The output is the lines below from the one with "El sufragio femenino en España" through the one with "Revestimiento Multiuso Tilta", both included, printed exactly and with no other line.

:: Data for this exercise ::

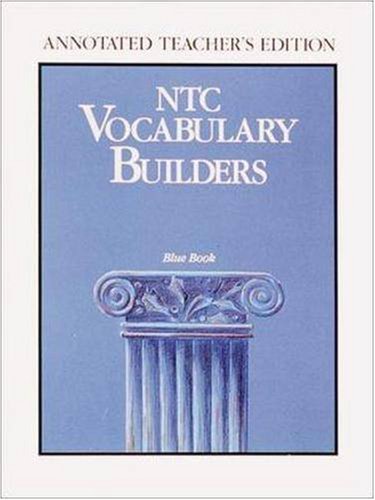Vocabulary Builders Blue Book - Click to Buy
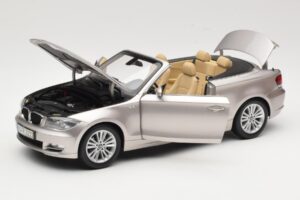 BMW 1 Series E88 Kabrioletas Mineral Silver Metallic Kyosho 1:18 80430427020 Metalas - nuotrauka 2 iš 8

:::
:: Data for this exercise ::

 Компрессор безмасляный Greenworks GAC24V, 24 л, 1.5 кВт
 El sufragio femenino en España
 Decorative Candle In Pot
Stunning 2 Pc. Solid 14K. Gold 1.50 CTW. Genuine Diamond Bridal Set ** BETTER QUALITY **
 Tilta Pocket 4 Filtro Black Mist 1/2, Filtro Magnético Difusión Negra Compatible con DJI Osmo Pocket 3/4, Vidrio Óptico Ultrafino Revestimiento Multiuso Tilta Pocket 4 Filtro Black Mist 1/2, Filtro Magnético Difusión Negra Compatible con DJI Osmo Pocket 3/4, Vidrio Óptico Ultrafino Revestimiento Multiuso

:::
:: Data for this exercise ::

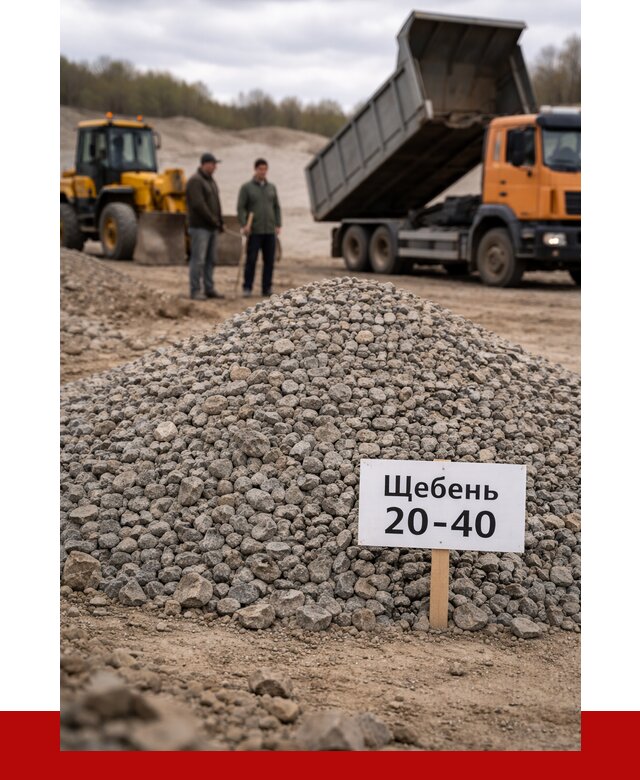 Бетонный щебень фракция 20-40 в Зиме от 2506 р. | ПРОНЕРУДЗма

:::

Response to the task ::
 El sufragio femenino en España
 Decorative Candle In Pot
Stunning 2 Pc. Solid 14K. Gold 1.50 CTW. Genuine Diamond Bridal Set ** BETTER QUALITY **
 Tilta Pocket 4 Filtro Black Mist 1/2, Filtro Magnético Difusión Negra Compatible con DJI Osmo Pocket 3/4, Vidrio Óptico Ultrafino Revestimiento Multiuso Tilta Pocket 4 Filtro Black Mist 1/2, Filtro Magnético Difusión Negra Compatible con DJI Osmo Pocket 3/4, Vidrio Óptico Ultrafino Revestimiento Multiuso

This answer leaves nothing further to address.